- TASK DETAILS
Print, exactly as they appear in the listing below, the lines from the line with "카드깡사이트 이용 후기 민OO 님 인물 사진" to the line with "Chicago-based window company", with both end lines kept.

- INPUT RECORDS
Content starts

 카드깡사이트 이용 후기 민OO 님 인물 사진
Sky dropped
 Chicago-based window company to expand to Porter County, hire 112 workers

Content ends
Content starts

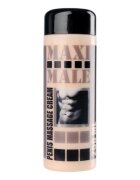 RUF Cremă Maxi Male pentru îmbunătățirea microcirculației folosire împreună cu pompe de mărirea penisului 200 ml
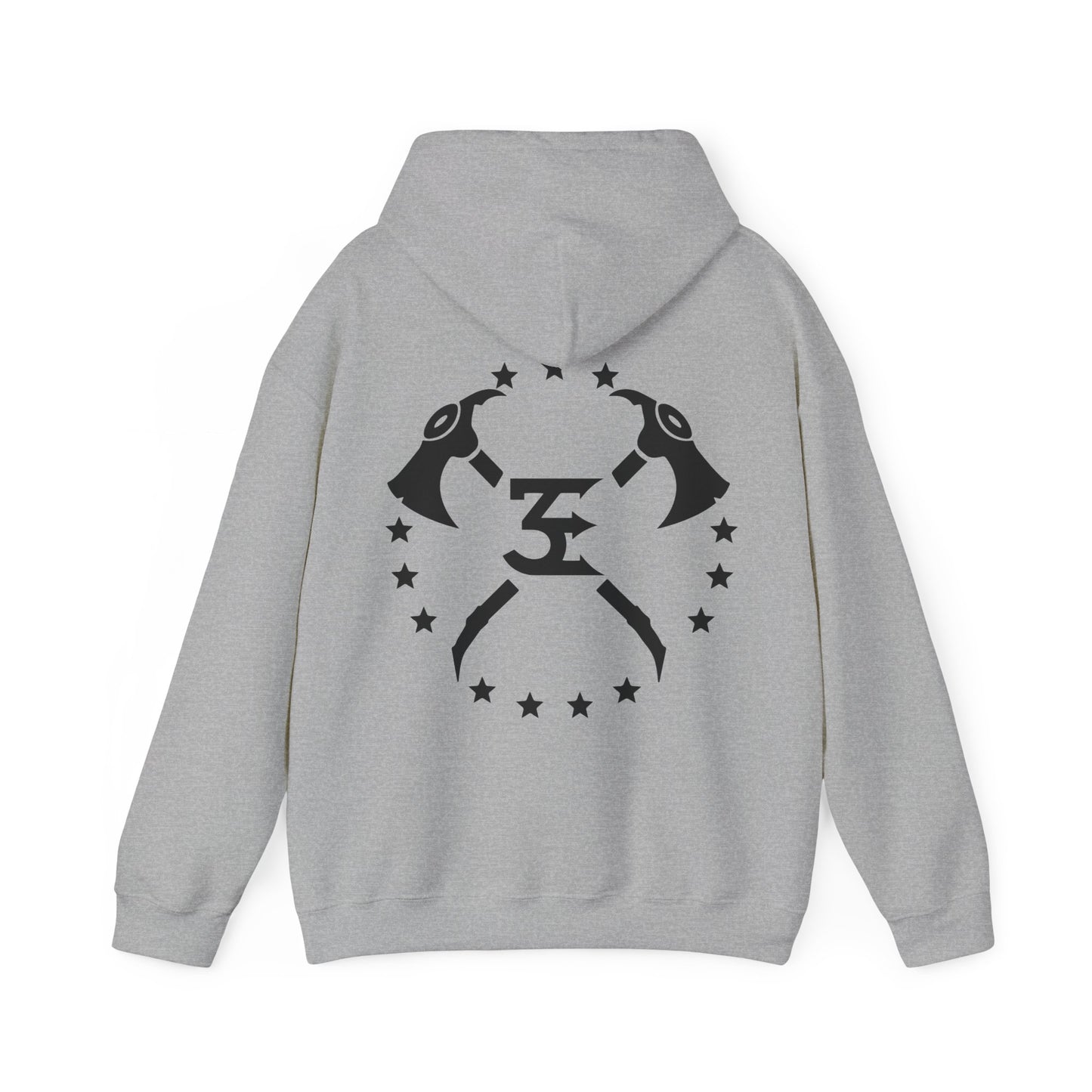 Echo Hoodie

Content ends

- WRITTEN RESPONSE
 카드깡사이트 이용 후기 민OO 님 인물 사진
Sky dropped
 Chicago-based window company to expand to Porter County, hire 112 workers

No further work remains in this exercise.